-- Work item --
Copy out every line of the material below, character for character, apart from the pictures.

-- The input --
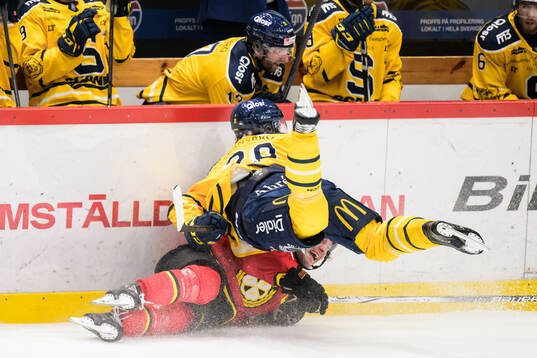 Södertäljes Emil Alba och Brynäs Johan Larsson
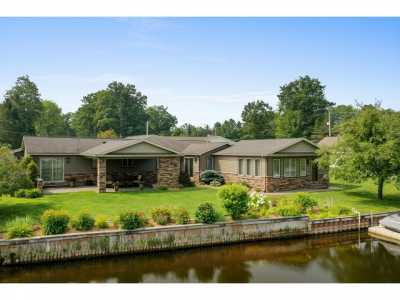 Home For Sale in Prudenville, Michigan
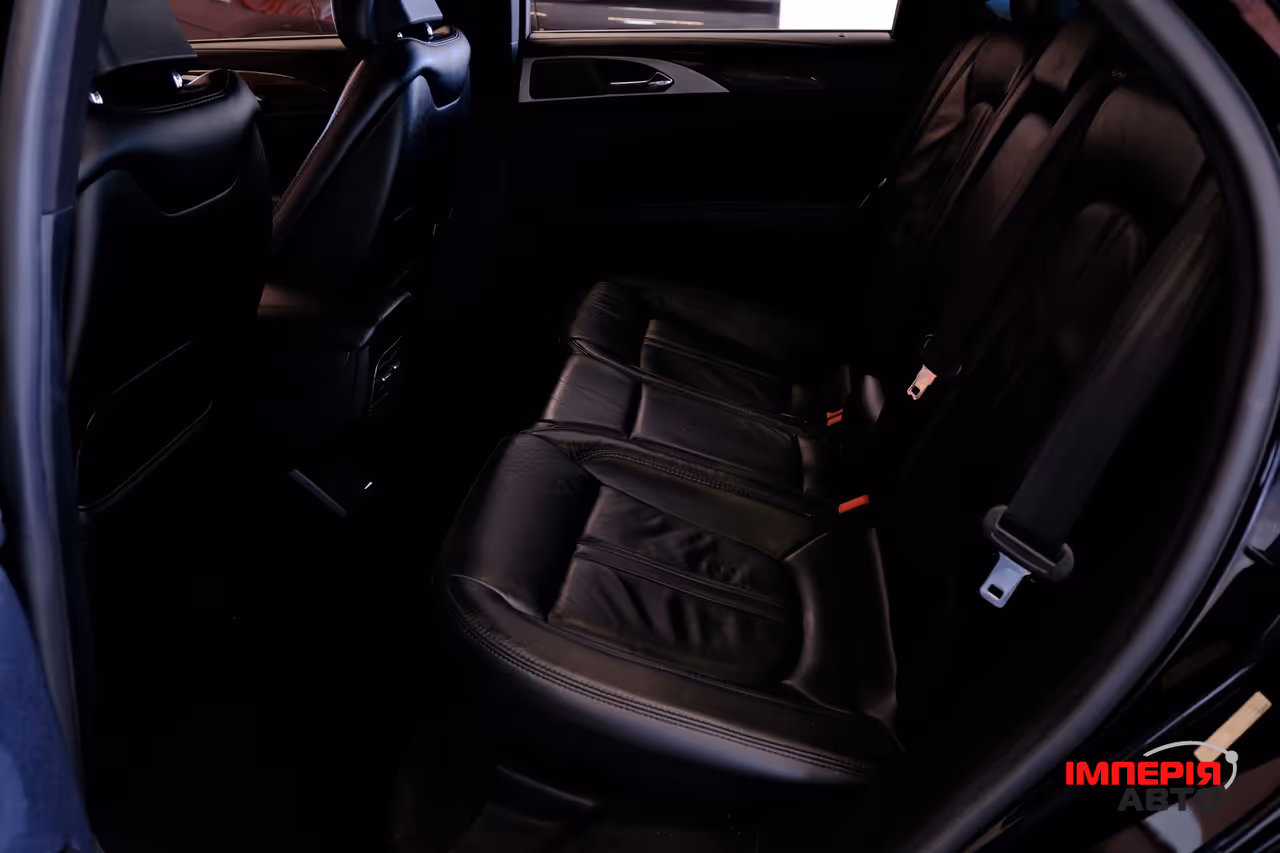 Lincoln MKZ - фото 8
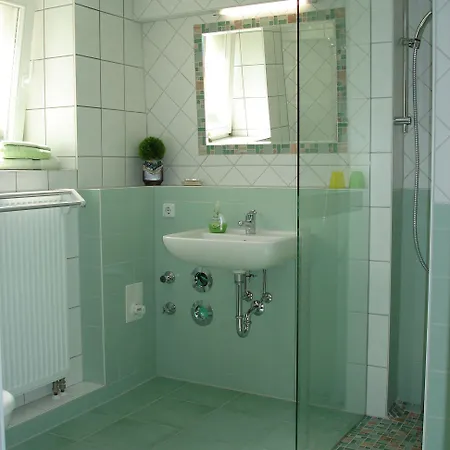 Uebernachtung 3* Rostock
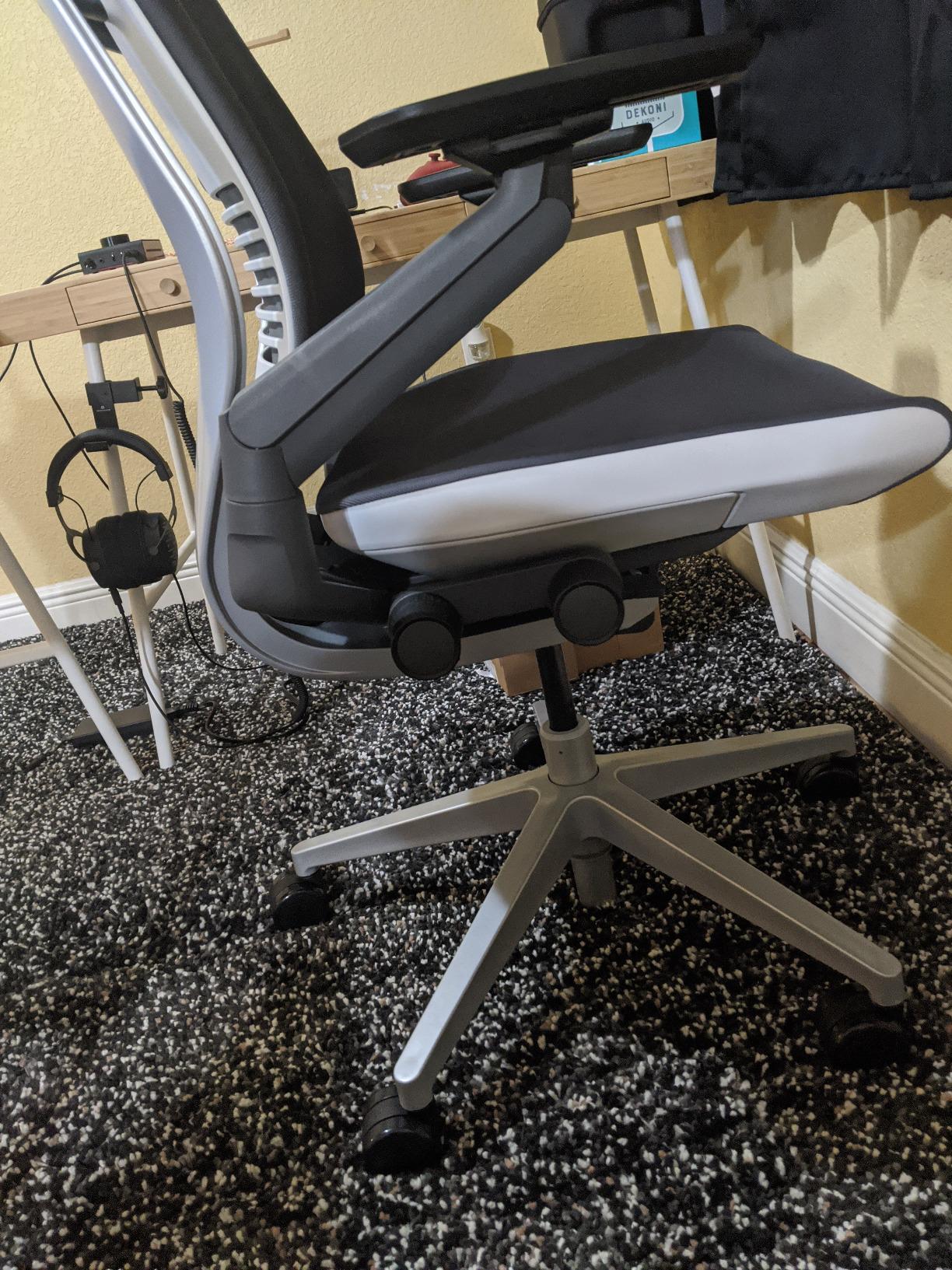 Gesture Office Chair - Ergonomic Work Chair with Wheels for Carpet - Comfortable - Intuitive-to-Adjust for Desk - 360-Degree Arms - Graphite Gray Fabric customer photo 2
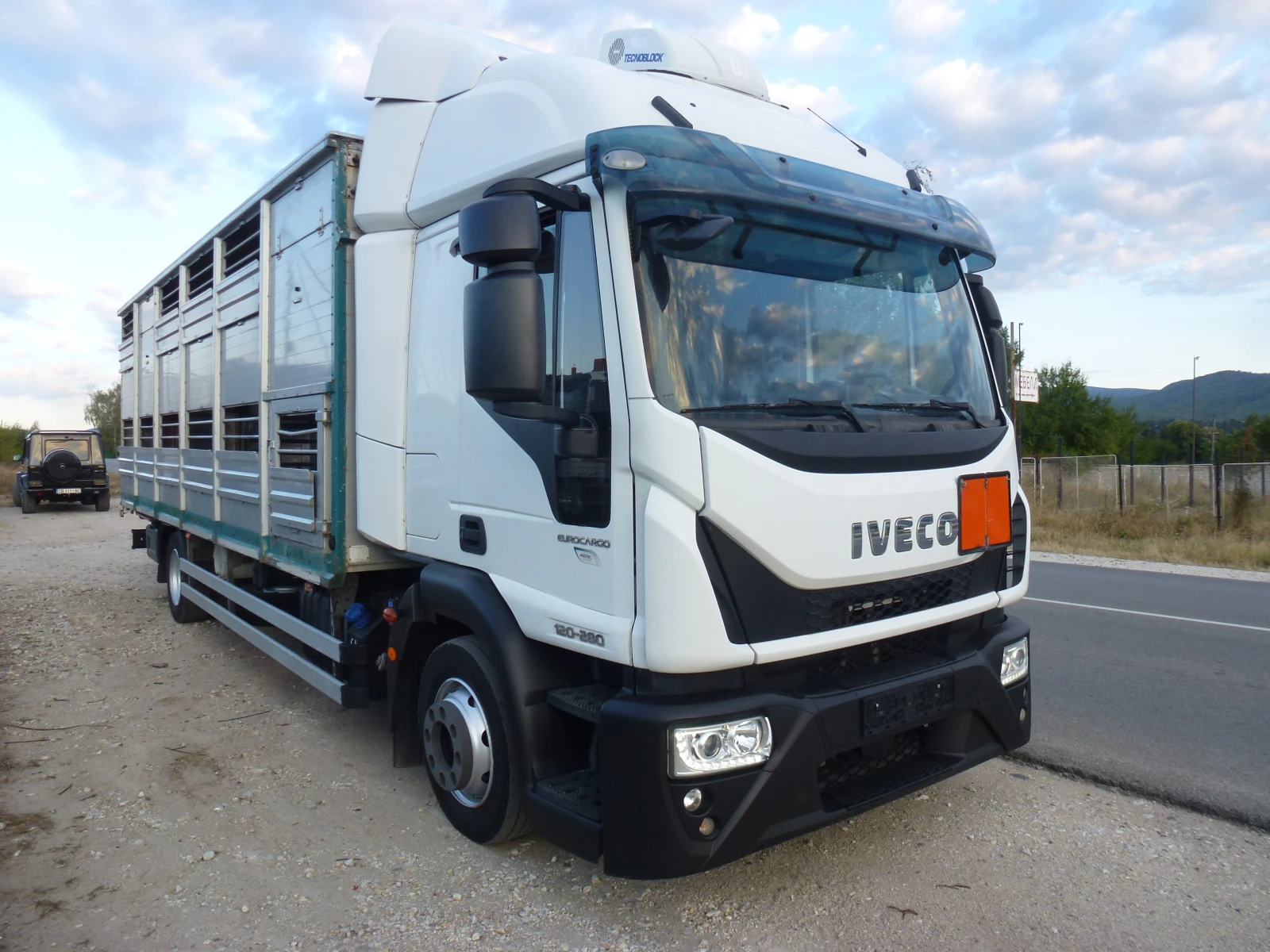 Iveco Eurocargo ЖИВОТНОВОЗ 11990кг., снимка 2 - Камиони - 56133047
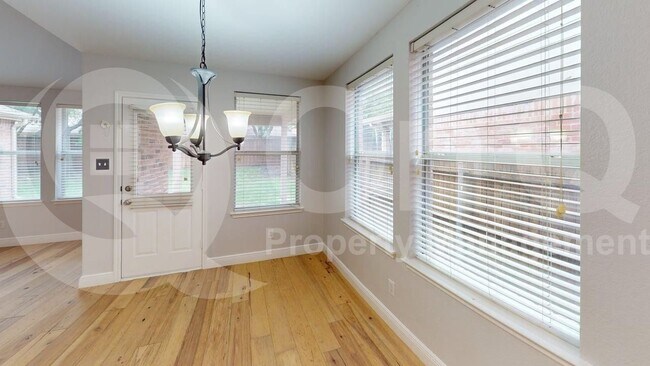 Building Photo - 2208 Lanshire Dr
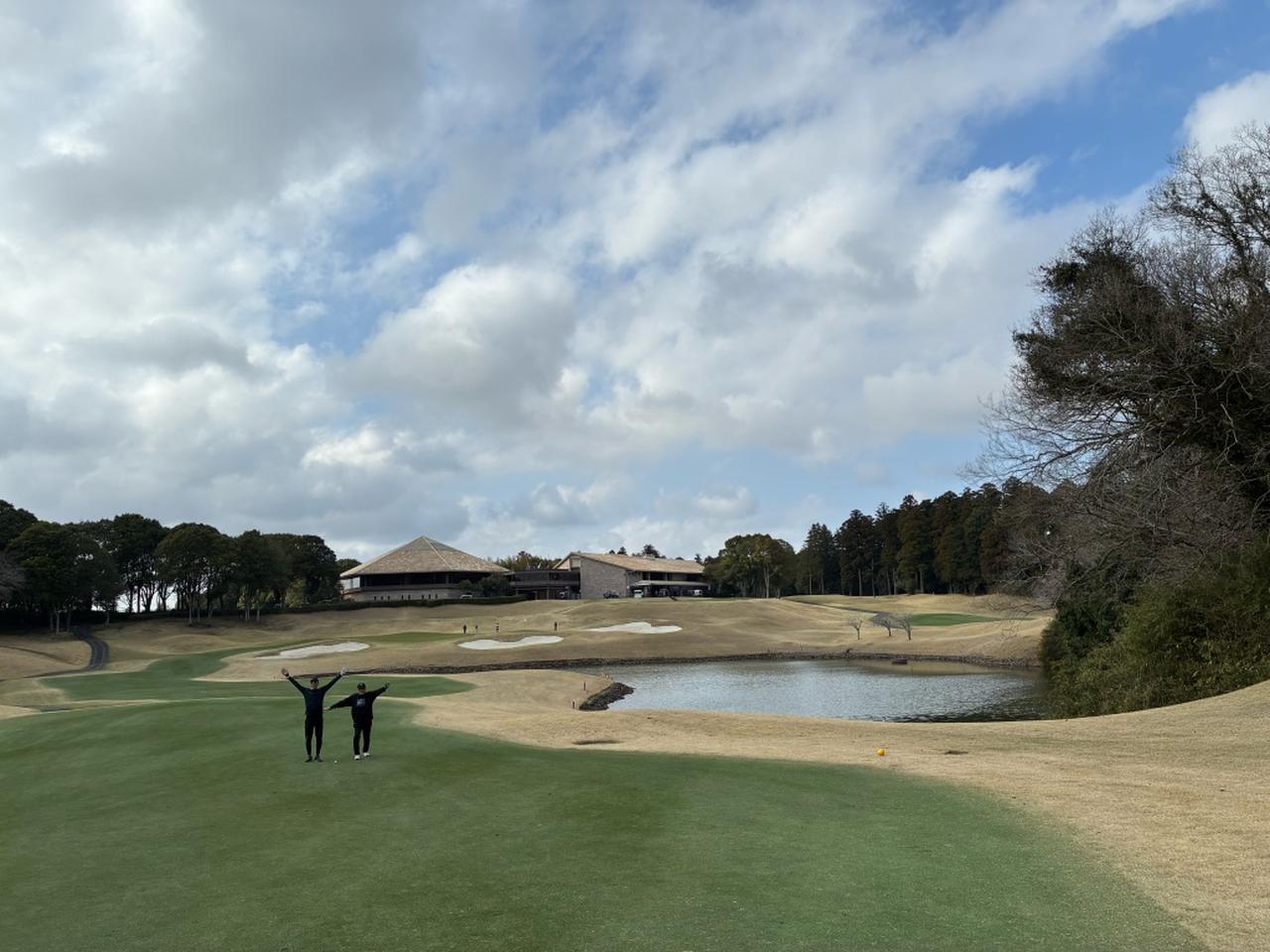 画像: 230Yから打ち下ろしになるパー5。グリーン手前から150Y付近にかけて大きな池が待ち受けている。グリーンも3段グリーンで狙い目が肝心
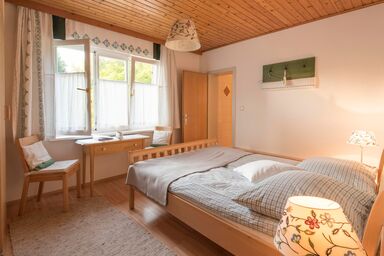 Kleinhofers Himbeernest - Zimmer 5 | Naturfarbiges Herzerl (3-5 Nächte)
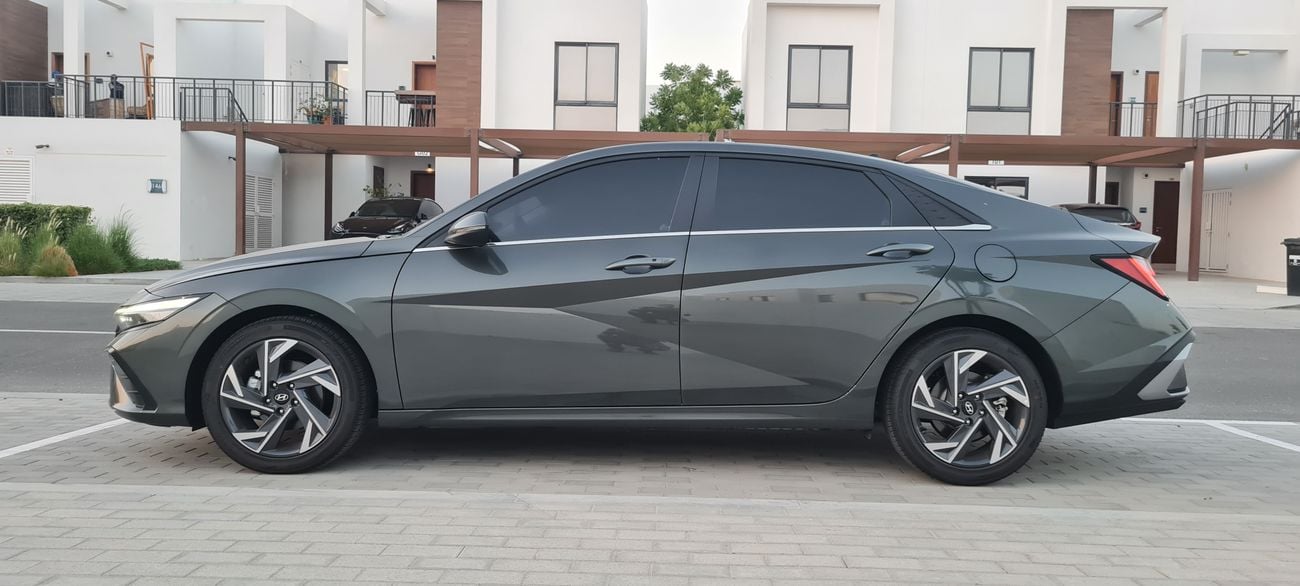 هيونداي إلانترا 2.0L Comfort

-- Response to the task --
 Södertäljes Emil Alba och Brynäs Johan Larsson
 Home For Sale in Prudenville, Michigan
 Lincoln MKZ - фото 8
 Uebernachtung 3* Rostock
 Gesture Office Chair - Ergonomic Work Chair with Wheels for Carpet - Comfortable - Intuitive-to-Adjust for Desk - 360-Degree Arms - Graphite Gray Fabric customer photo 2
 Iveco Eurocargo ЖИВОТНОВОЗ 11990кг., снимка 2 - Камиони - 56133047
 Building Photo - 2208 Lanshire Dr
 画像: 230Yから打ち下ろしになるパー5。グリーン手前から150Y付近にかけて大きな池が待ち受けている。グリーンも3段グリーンで狙い目が肝心
 Kleinhofers Himbeernest - Zimmer 5 | Naturfarbiges Herzerl (3-5 Nächte)
 هيونداي إلانترا 2.0L Comfort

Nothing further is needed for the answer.